Wenn se die Garantiezeit übersteht hällt der Blank!!! 

Sollte doch mal en Ring oder der gleichen erneuert werden müssen kann das im normalfall der Händler und wenn nicht kennt der nen Rutenbauer 

ich müsste da keine 2 Sekunden überlegen|rolleyes#6 
und Hätte nen Grund ne neue Feederrolle zu suchen

Bis denne 
Markus


----------



## Forellenzocker (18. Februar 2012)

*AW: Mosella River Feeder 200g*

Ich hab die Distance von Mosella, 4,20 m bis 300 gr. die Sie nicht schafft. Die Spitzen die dabei waren sind der absolute Müll. Ich hab dann andere Spitzen drauf gemacht, seit her geht es. Leider hat sich der Gummi vom Handteil gelöst. Der Rollenhalter klappert und knackt beim Auswurf. Die Endkappe hat sich verabschiedet, zwischenzeitlich musste ein Ring ( einfach abgegangen ) nachgebessert werden. Und bei 220 gr. Blei ist die Rute am Limit.
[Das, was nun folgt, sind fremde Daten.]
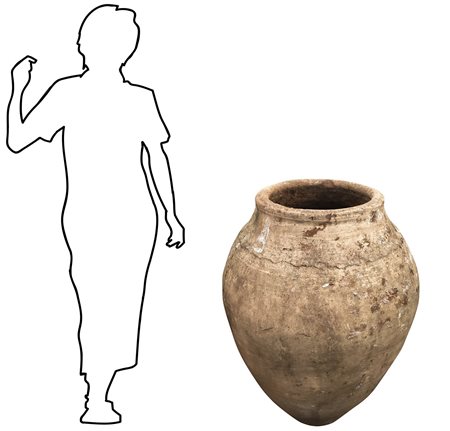 Grande Giara a pasta gialla, Sicily, 18° / 19° Secolo.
Mir kommt keine Mosella mehr ins Haus, schon gar nicht wenn es jetzt keine Ersatzteile mehr gibt.


----------



## Knispel (18. Februar 2012)

*AW: Mosella River Feeder 200g*



m-spec schrieb:


> Ich kenne diese Rute nicht aber nach der Insolvenz von Mosella wäre ich vorsichtig beim Erwerben von Artikeln des Unternehmens (der Hauptgeldgeber Exori ist da auch gerade in Schwierigkeiten). Die Ersatzteilsituation ist da einfach zu unklar..


 
Mosella ist nich insolvent sondern startet wieder durch :
http://www.mosella-fishing.com/Willkommen.html

@Forellenzocker,
wenn du einmal ein faules Ei gefunden hast, ißt du denn keine Eier mehr - währe Dir das bei Shimano passiert - kein Shimano mehr ?


----------



## Forellenzocker (18. Februar 2012)

*AW: Mosella River Feeder 200g*

Nja, ich habe hier meine Erfahrung die ich über die Rute gemacht habe kundgetan. Mein Angelkumpel hat die gleiche Rute nur das seine schon nicht mehr lebt. Ich könnte natürlich noch über eine weitere Mosella-Rute schreiben mit der ich nicht zufrieden war, aber ich wollte mich nur auf meine und die Feederrute beschränken. Im Gegensatz dazu habe ich noch 5 weitere Feeder Ruten und die sind alle klasse und haben gar keine Probs mit. Das Sind Berkley Mitchell und Cormoran Speciland aber das war hier wohl nicht die Frage


----------



## Forellenzocker (18. Februar 2012)

*AW: Mosella River Feeder 200g*

ps: shimano kaufe ich grundsätzlich nicht, weder Rolle noch Rute


----------



## Knispel (18. Februar 2012)

*AW: Mosella River Feeder 200g*



Forellenzocker schrieb:


> ps: shimano kaufe ich grundsätzlich nicht, weder Rolle noch Rute


Da kenne ich noch einen Menschen, der das auch nicht macht ... :m


----------



## zandernase (18. Februar 2012)

*AW: Mosella River Feeder 200g*

hmmm...
also soviel schlauer als vorher bin ich nun auch nicht.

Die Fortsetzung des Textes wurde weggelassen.